3
votes

I need to access Azure Files from Azure Databricks. According to the documentation Azure Blobs are supported but I am need this code to work with Azure files:

dbutils.fs.mount(
  source = "wasbs://<your-container-name>@<your-storage-account-name>.file.core.windows.net",
  mount_point = "/mnt/<mount-name>",
  extra_configs = {"<conf-key>":dbutils.secrets.get(scope = "<scope-name>", key = "<key-name>")})

or is there another way to mount/access Azure Files to/from a Azure Databricks cluster? Thanks

2

2 Answers

4
votes

On Azure, generally you can mount a file share of Azure Files to Linux via SMB protocol. And I tried to follow the offical tutorial Use Azure Files with Linux to do it via create a notebook in Python to do the commands as below, but failed.

enter image description here

It seems that Azure Databricks does not allow to do that, even I searched about mount NFS, SMB, Samba, etc. in Databricks community that there is not any discussion.

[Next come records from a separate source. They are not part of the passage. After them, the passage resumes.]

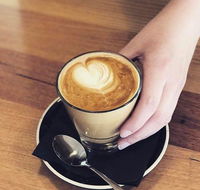 Ciao Bella Pizzeria  Wine Bar - Accommodation Fremantle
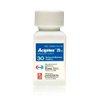 premium-price-pills-24-Aciphex premium-price-pills-24-Aciphex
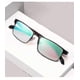 thumbnail image 3 of Colorblind Correction Glasses, Color Blindness Glasses That Enable People To See Colors, 3 of 3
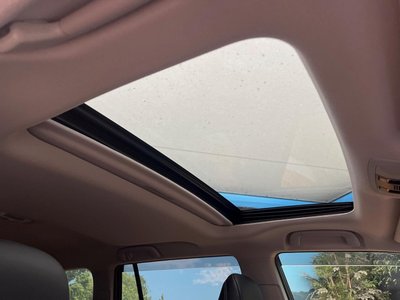 TOYOTA LAND CRUISER PRADO - 3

So the only way to access files in Azure Files is to install the azure-storage package and directly to use Azure Files SDK for Python on Azure Databricks.

1
votes

Install Library: azure-storage-file-share https://pypi.org/project/azure-storage-file-share/

#Upload to Azure File Share

from azure.storage.fileshare import ShareFileClient
 
file_client = ShareFileClient.from_connection_string(conn_str="AZURE_STORAGE_CONNECTION_STRING", share_name="AZURE_STORAGE_FILE_SHARE_NAME", file_path="summary_uploaded.csv")
 
with open("/dbfs/tmp/summary_to_upload.csv", "rb") as source_file:
    file_client.upload_file(source_file)

#Download from Azure File Share

file_client = ShareFileClient.from_connection_string(conn_str="AZURE_STORAGE_CONNECTION_STRING", share_name="AZURE_STORAGE_FILE_SHARE_NAME", file_path="summary_to_download.csv")
 
with open("/dbfs/tmp/summary_downloaded.csv", "wb") as file_handle:
    data = file_client.download_file()
    data.readinto(file_handle)

Next steps:

  1. Define a new secret key in Azure Key Vault for holding the value for ‘conn_str’ (AZURE_STORAGE_CONNECTION_STRING). Key can be: az-storage-conn-string
  2. Define a new secret key in Azure Key Vault for holding the value for ‘share_name’ (AZURE_STORAGE_FILE_SHARE_NAME). Key: az-storage-file-share
  3. Read both of these keys from key vault and avoid hard-coding.